An example of a method for annotating animated plenoptic images is illustrated on FIG. 11:
The step 200, 201, 202, 203 of FIG. 20 are similar or equivalent to steps 100, 101, 102, 103 in FIG. 8.
In step 204, viewing directions parameters are computed as a result of the registration process of step 201.
In step 205, a view is rendered based on the viewing direction computed in the previous step.
In step 206, the Inertial Measurement Unit (IMU) is used to determine the user movement with respect to the time the step 200 has been computed. A decision is then taken to either go back to step 200 for processing a new plenoptic image or going directly to step 204 to update the viewing direction parameters based on the IMU movement estimation. The amount of movement is used to determine whether or not the previously captured plenoptic data can be used to generate a novel view. This typically depends on the field of view of the plenoptic capturing device.
The rendering of plenoptic annotations may consider possible occlusions. A plenoptic annotation may be occluded if the target element to annotate is hidden from the capturing device eyesight by another object lying in the input plenoptic image.
In one embodiment, the rendering module takes advantage of the plenoptic format of the captured data to visually hide the annotation behind the irrelevant object. The rendering module knows from the plenoptic reference data the properties of the captured rays that should come from each element of the captured plenoptic image. If the captured rays have different properties than the expected rays of the element, it could mean that an occluding object is in front of the element, and thus, that the annotation does not have to be displayed for this element.
In a similar way, if the rays corresponding to an element in the captured image have a different direction than the corresponding ones in the reference image, this could mean that the element is at a different depth. The rendering module could use this information to detect occlusions. Additionally, color information of rays can also be used to determine whether a captured element is occluded or not. However, the color information is not sufficient as an occluding object might have the same color as the target element.

Applications

The provision of annotations in a plenoptic format and the process of annotating plenoptic images in the same space as the annotations bring new applications for augmented reality.
A first example of application is the use of a plenoptic annotation system in a social context. Indeed, plenoptic images of objects/scenes could be captured by users with their plenoptic capturing device. The captured plenoptic image can then be annotated by the user using all sort of annotations, including plenoptic image previously captured and used as annotation. Their annotated scene can then be shared to users' friends using social networks so that those friends can experience the annotated scene when they are capturing it with their own plenoptic capturing device. The advantage of using the plenoptic annotation process in this case is leveraged in the fact that annotations are already lying in the plenoptic space as they are plenoptic images. Therefore doing the annotation process in the same plenoptic space is more computationally efficient and yields to a more realistic annotated scene.

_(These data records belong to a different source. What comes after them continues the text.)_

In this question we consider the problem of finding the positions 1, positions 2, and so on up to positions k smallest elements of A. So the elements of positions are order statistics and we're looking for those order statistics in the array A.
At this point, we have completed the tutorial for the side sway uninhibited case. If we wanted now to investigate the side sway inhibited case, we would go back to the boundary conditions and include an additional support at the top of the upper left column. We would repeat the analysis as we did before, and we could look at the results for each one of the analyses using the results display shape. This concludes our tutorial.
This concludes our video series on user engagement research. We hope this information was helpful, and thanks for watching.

A second example of application, which exploits the different information of the plenoptic space, is the use of specially designed plenoptic annotations in the field of architectural design. As described in the previous parts of the invention, a plenoptic annotation is composed of light rays which are combined with the plenoptic image light rays in the online phase. The way this light rays are combined is defined in the offline part of the annotation process. This combination can be such that rays from the plenoptic image are not replaced by other light rays from the annotation, but, for example, only their direction is changed. By defining an annotation, which modify not only the wavelength of the light rays of the plenoptic image but also, for example, their directions, it is made possible to simulate a change of texture or material of the captured scene. In this case of architectural design, plenoptic annotations can be advantageously used in order to simulate how a specific room or a specific building would look with for example a different material applied to the walls. In another embodiment, simulation of weather conditions can be applied to the captured plenoptic image. An annotation simulating rain can be applied to the scene. This will yields to an annotated image with a rain effect applied to it so that user can visually see how the scene would like in case of rain or other different weather conditions, where the different light reflexions and refractions are properly handled and computed in a realistic way thanks to the plenoptic information.

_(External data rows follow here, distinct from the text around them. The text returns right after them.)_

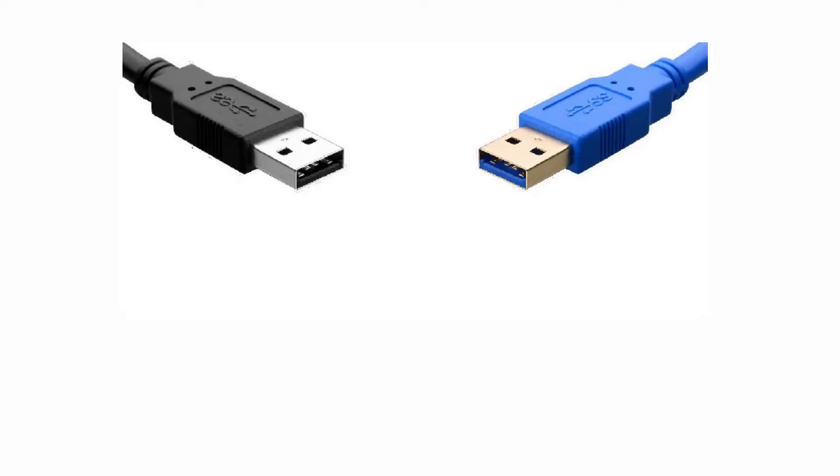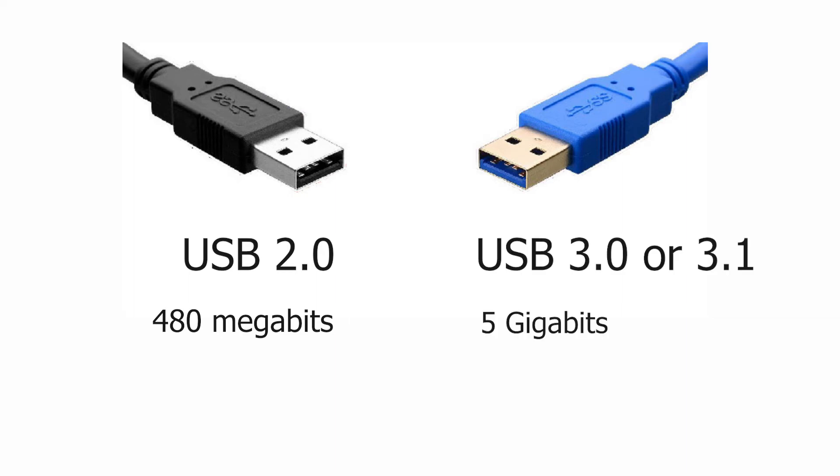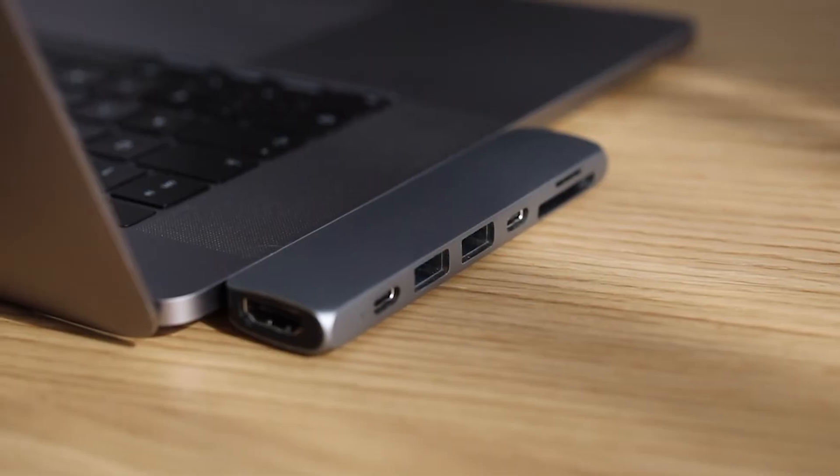The black USB ports are the older USB 2.0 with a maximum theoretical transfer rate of up to 480 megabits a second. And the blue USB ports are the newer USB 3.0 or USB 3.1 with a maximum theoretical transfer speed of up to 5 gigabits a second.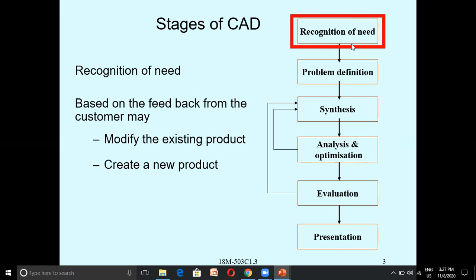The first stage is Recognition of Need. Recognition of Need means: based on the feedback from the customer survey, you have to modify the existing product or you have to create a new product. That is what is meant by Recognition of Need.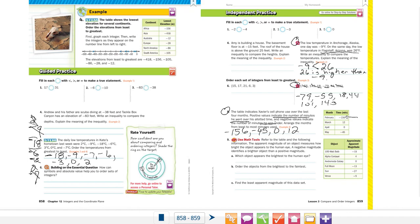That is our lesson on comparing and ordering integers. Next week we move into rational numbers—the real stuff, or the more complicated stuff, I should say.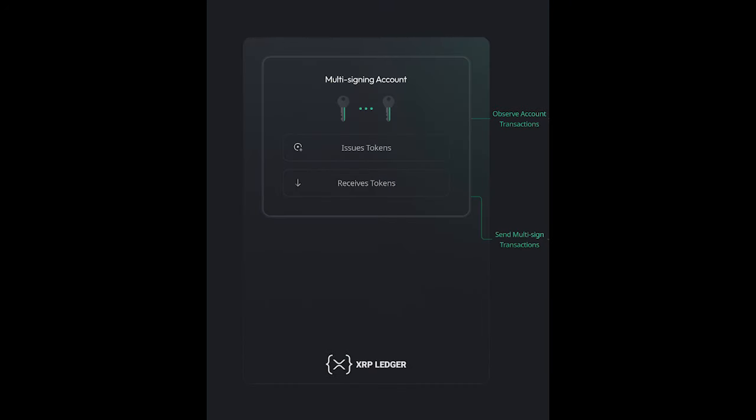The multi-signature wallet is like a bank safe deposit box that requires multiple keys to be used at the same point in time to open it. The multi-sig account holds the tokens issued on the XRP Ledger on its balance, and uses the multi-signing and public keys associated with each relayer for transaction signing.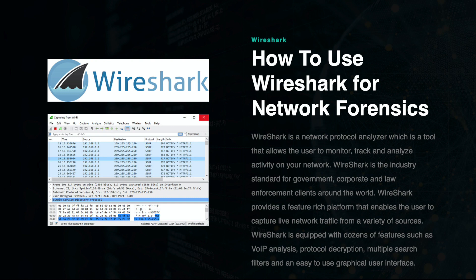Wireshark.org. Wireshark is a network protocol analyzer, which is a tool that allows the user to monitor, track, and analyze activity on a network.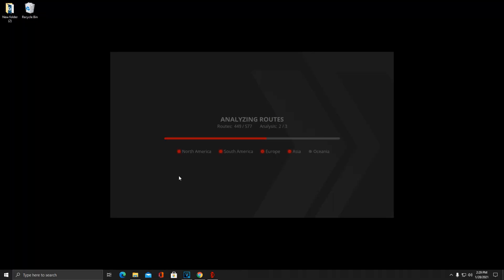Once you download ExitLag off the website, the link will be in the description, it will just start analyzing the routes once you open it. This is deciding the quickest and best paths for your internet connection depending on where you live. ExitLag has a three-day free trial that you can try and just see if it really works for you, see if it helps your ping the way that I'm saying it will. If it doesn't, of course you can discontinue it right there.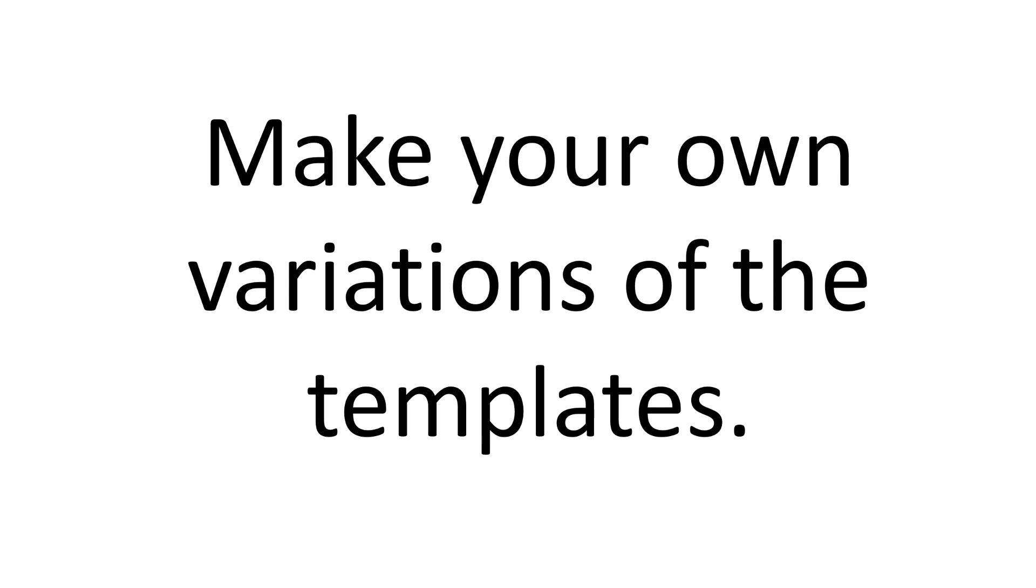So let's say you take an advantages/disadvantages essay template and create three or four different variations. Then in the exam, you can take some elements from each variation, you can mix and match. This way you can make your essay response look very unique.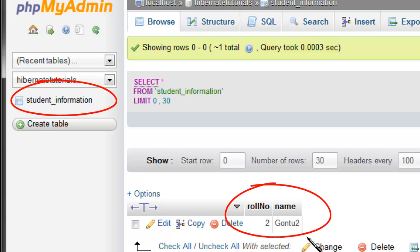Technically, Hibernate drops the existing schema from the database — all tables and other database entities — at the time of creating the SessionFactory object when you run the program. Now our database has a record with role number two and name Gonto two.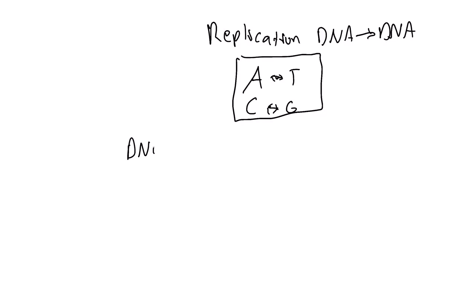If I ask you for a DNA sequence, you're going to have A, T, A, T, T, C. The other DNA sequence, or the complementary strand, would be T, A, T, A, A, G. So that's transcription and replication.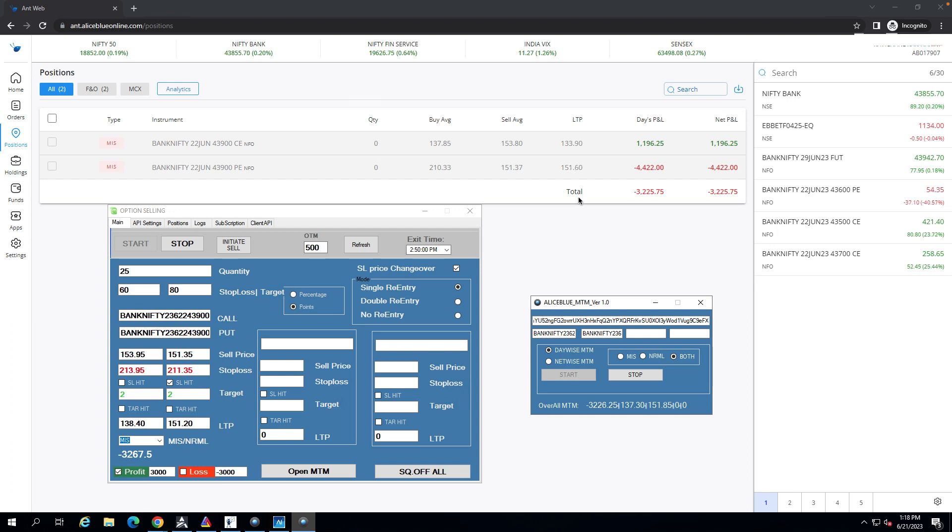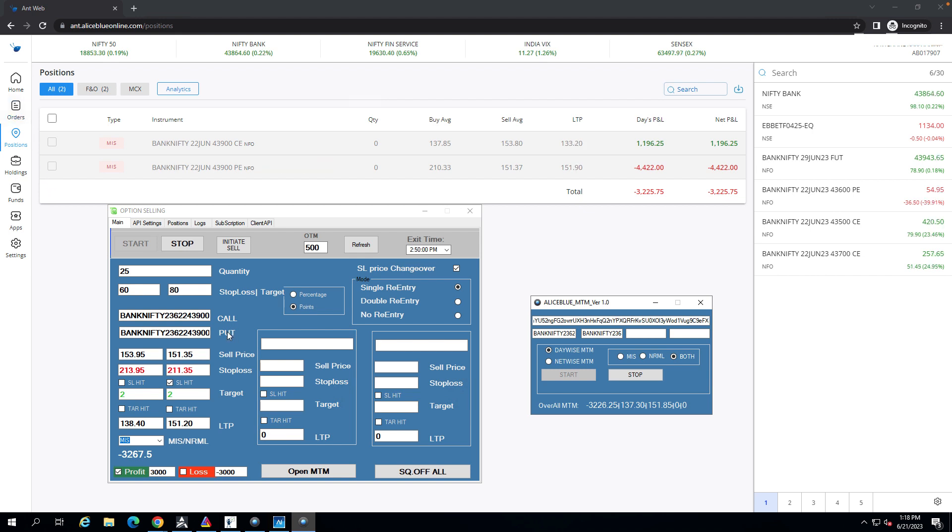This is June 2023. This is Nifty short straddle - $43,000 call option and $43,000 put option.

As another example, treasure hunt is a popular application in conventional two-dimensional augmented reality solutions. It consists in attaching annotations to physical objects and by giving hints to friends or other people, let them search for these annotations (called treasures). In other words, when someone comes close to the hidden object, he can scan the surrounding objects with his plenoptic capturing device to determine whether they are associated with an annotation. By using plenoptic annotations, the treasure hunt becomes more exciting since we can limit the annotation visibility to some viewing directions or focus distances. For instance, a user can attach an annotation to a statue, and decide to make this annotation only visible when a future hunter is placed in front of the statue and therefore that he sees it from that angle. Similarly, we can use the refocus property of plenoptic spaces to ensure that the hunter is focused on the statue itself and hence only display the annotation in this case. It makes the treasure hunt more attractive as it avoids a user from discovering a treasure while randomly scanning the surroundings, but forces him to really solve the enigma.

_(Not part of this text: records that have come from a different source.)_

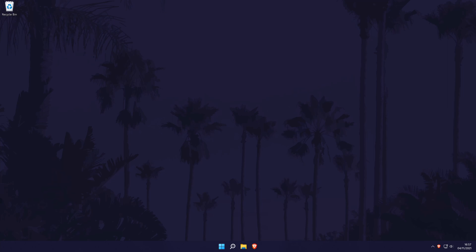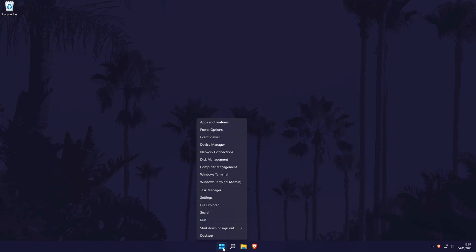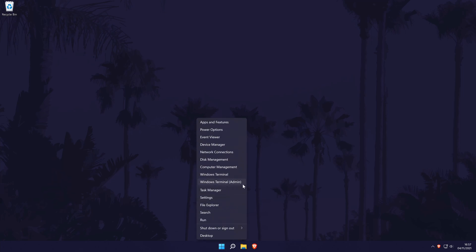To find your product key in Windows 11, we first need to open the Windows terminal. Right-click on the start menu icon in the taskbar and then choose Windows Terminal Admin from the list. Make sure you choose the admin version.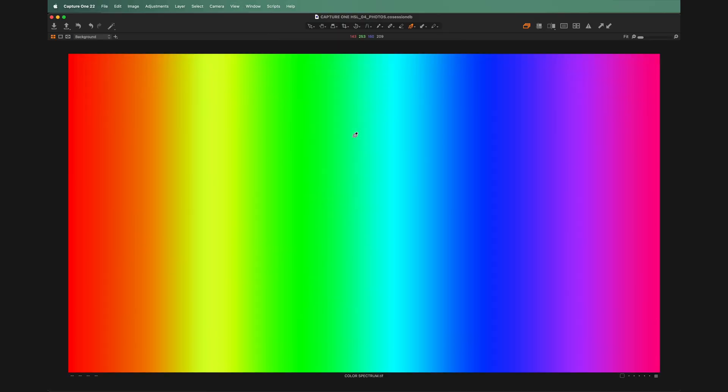Technically you could do all of your HSL adjustments without ever having your tools panel up at all. Just hit D to pull up the direct color editor, and then drag around to adjust the saturation of this, the hue of that, and the lightness of the other thing — and all your colors are different.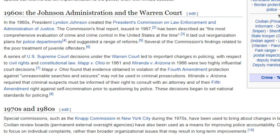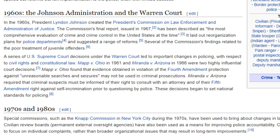Then it says, the next paragraph, a series of U.S. Supreme Court decisions led to important changes in policing. Oh, did it? Really? So, let's look at the two examples that it gives. MAP v. Ohio found that evidence obtained in violation of the Fourth Amendment protection against unreasonable searches and seizures may not be used in criminal prosecutions. So, in other words, they needed a law to get people to follow and uphold the law.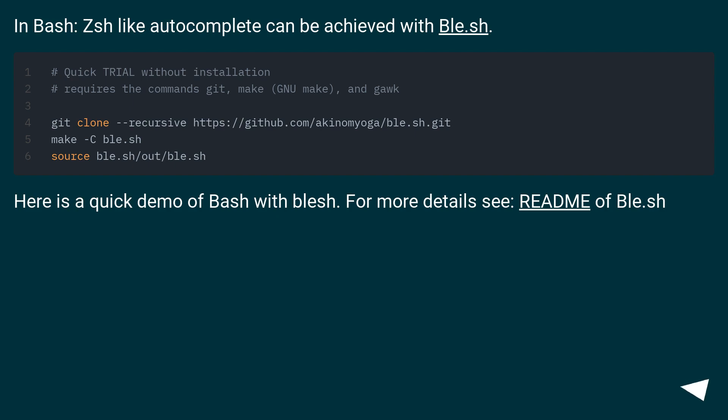Here is a quick demo of bash with blesh. For more details see README of ble.sh.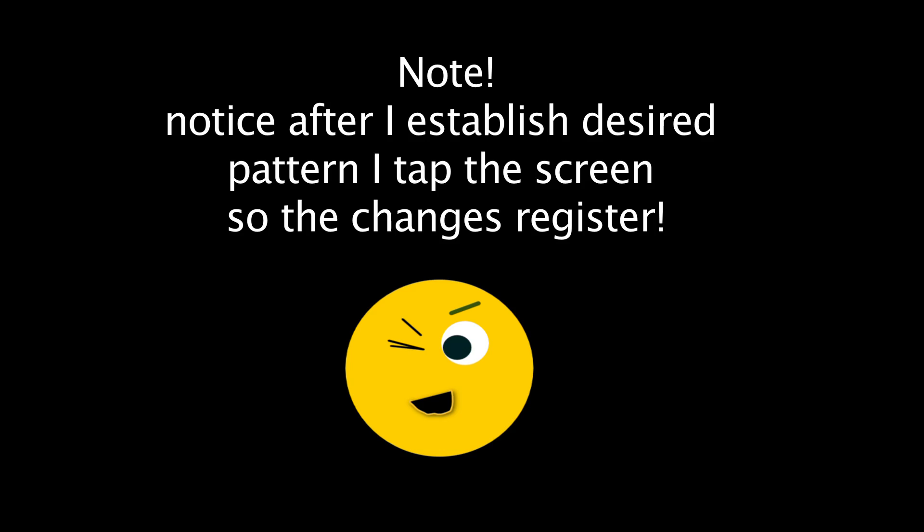Take note! Notice after I establish the desired pattern, I tap the screen so the changes register.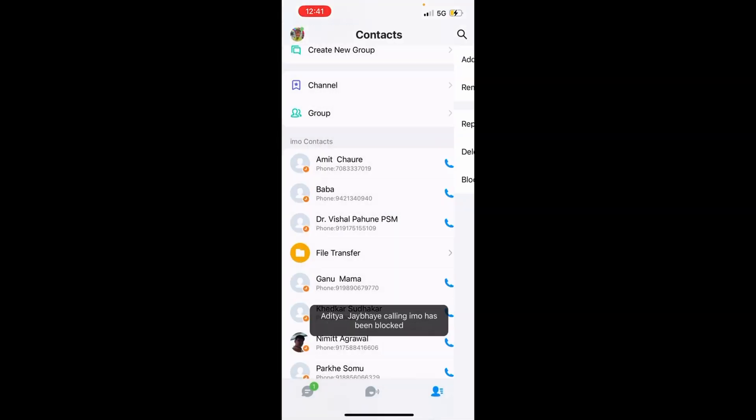Once you do that, the contact will be blocked on the IMO application. If you found this video useful, thanks for watching.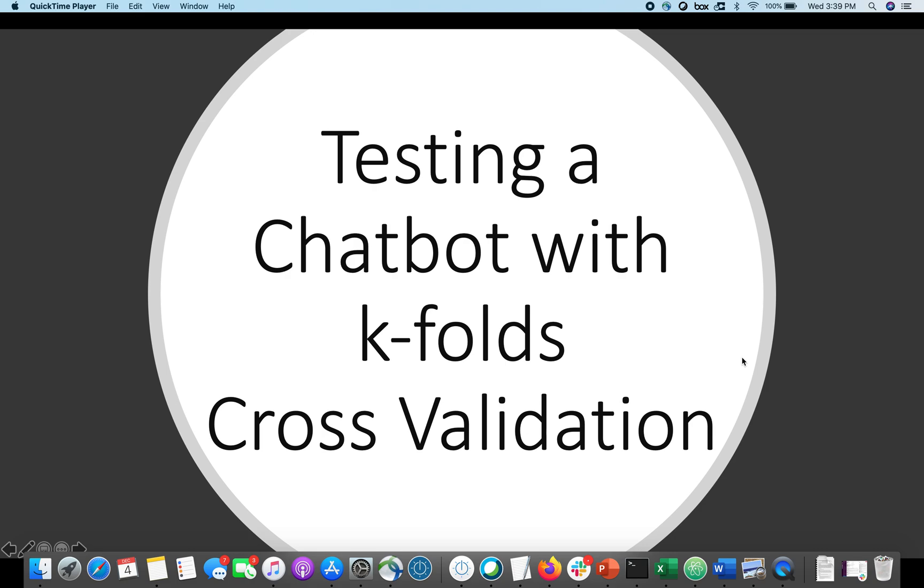In this video, I'm going to show you how to test your chatbot using a technique called k-folds cross-validation. To set the stage, imagine that you have a chatbot and you're fairly early in the development. You've collected a set of utterances that you think the users will speak.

Another application concerns a city guide in an urban environment. For instance, let us consider a user being in a city he visits and looking for touristic spots such as historical monuments, sightseeing points, statues, museums, local restaurants . . . . Using his augmented reality system, the user certainly doesn't want to have all information appearing at once on his screen: he would just get confused by all this content visually overlapping on the screen. Instead, the plenoptic annotations could be made dependent on the user point of view and focus. For instance, elements of an image captured by the user with a particular view angle (or in a particular range of view angle) could be displayed with a lower importance than elements which are faced by the user. In one embodiment, low importance annotations can only be displayed as titles or points on the screen (which can be extended when the user clicks on them), while more important interest points present more details or have a larger size or emphasis on the image.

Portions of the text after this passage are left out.